Here, your DAC is driving from -3V to +3V to sweep the diode voltage. U1 is basically a simple voltage follower but with Q1 and Q2 tacked on as a power stage. You can use a power opamp, but I decided to make a cheapo design that can use any cheap bipolar opamp. The power stage is some cheap small bipolar transistors. Q1 and Q2 form a simple Class B driver stage. No fancy bias is needed because the opamp will adjust the drive to get the Vout set by the DAC. Plot #1 shows this.
Plot #2 shows the DAC voltage setting versus the detected diode current as an output voltage (0.1 Amp = 1.0 V output).

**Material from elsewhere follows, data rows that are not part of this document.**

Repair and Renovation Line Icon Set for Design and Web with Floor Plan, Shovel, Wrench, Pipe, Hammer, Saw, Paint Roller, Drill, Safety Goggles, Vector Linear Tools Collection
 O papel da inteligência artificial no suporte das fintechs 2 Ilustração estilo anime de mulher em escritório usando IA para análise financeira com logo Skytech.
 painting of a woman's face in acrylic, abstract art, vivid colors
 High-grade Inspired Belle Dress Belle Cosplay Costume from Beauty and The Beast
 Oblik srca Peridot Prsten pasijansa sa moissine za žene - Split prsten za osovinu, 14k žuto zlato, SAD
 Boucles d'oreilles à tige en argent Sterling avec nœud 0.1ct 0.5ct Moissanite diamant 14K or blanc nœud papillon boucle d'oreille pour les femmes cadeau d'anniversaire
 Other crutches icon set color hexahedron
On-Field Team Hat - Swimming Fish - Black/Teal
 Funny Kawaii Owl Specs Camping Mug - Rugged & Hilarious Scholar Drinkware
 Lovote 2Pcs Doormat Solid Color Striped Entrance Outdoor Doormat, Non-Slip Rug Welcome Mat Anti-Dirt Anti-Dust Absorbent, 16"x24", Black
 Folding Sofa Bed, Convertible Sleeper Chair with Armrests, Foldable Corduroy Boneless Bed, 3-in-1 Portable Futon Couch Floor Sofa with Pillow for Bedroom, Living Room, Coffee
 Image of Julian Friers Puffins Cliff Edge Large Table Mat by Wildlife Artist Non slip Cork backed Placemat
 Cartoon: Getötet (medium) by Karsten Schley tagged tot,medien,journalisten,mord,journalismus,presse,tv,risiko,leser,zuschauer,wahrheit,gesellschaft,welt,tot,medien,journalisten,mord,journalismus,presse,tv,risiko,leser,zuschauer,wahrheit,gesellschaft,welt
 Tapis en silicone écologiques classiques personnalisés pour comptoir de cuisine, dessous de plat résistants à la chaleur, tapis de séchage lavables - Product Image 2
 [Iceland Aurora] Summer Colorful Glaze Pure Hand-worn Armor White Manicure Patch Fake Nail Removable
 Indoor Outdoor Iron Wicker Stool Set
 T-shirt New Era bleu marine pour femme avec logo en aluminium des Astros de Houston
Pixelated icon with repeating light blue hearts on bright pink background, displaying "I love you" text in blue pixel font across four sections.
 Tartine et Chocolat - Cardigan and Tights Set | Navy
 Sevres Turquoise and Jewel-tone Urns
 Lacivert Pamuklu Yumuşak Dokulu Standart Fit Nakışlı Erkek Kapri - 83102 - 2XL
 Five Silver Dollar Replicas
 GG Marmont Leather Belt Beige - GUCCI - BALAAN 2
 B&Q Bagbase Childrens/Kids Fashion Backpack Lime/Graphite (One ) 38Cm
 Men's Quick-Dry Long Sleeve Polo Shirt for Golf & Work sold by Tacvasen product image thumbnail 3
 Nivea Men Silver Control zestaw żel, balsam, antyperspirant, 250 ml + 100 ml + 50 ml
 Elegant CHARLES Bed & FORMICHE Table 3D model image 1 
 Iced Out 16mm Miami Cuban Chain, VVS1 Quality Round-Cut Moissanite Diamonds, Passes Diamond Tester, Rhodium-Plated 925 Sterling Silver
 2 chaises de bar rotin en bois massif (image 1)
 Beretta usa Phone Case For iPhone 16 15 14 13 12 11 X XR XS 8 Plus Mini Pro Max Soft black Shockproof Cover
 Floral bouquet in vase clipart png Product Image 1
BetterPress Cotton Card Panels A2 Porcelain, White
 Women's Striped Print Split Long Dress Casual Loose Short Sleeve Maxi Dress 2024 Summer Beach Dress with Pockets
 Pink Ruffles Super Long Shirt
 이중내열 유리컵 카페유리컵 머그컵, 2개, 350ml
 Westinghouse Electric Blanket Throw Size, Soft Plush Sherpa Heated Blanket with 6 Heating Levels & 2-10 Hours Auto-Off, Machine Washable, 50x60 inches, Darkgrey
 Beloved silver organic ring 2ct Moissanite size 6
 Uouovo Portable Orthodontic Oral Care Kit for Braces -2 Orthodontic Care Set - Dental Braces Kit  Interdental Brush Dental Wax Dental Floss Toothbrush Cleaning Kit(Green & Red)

Plot #3 shows the current limiting in action. Q3 and Q4 act provide current limiting to keep the current no more than about 250 mA. Basically, when current is high enough to make the voltage across R5 reach about 0.6V, Q3 starts to turn on. This in turn shorts across the base-emitter junction of Q1 and prevents Q1 from turning on any further. So you can see that R5 controls the limit value, R5 = 0.6V / (desired Ilimit).
Q4 does the same thing to Q4 so current limiting is symmetrical.
This nice simple current limiter design is from here:
http://electronicdesign.com/power/current-limiter-offers-circuit-protection-low-voltage-drop
On the current sensing side, U2 is an opamp wired as a differential amplifier with a gain of 100 (gain = R3 / R1). So if diode current is 100 mA, then you get 0.01V across Rsns, and U2's output is 100x of that or 1.0 Volts, which you can then feed into your ADC. Note that the output voltage swings + or - depending on the direction of the diode current.
Keep in mind, there is a problem with this design: power dissipation can go beyond the rated of the 2N2222 and 2N2907 transistors. At max current of 250 mA, Q1 and Q2 will see about 4 Volts drop, or 4 V x 0.25 Amp = 1 Watt, which well exceeds the 0.6 Watt rating of these transistors. You should use higher power transistors.
Or you can remove the current limiting completely and just stop your sweep in SW when it hits certain current limit.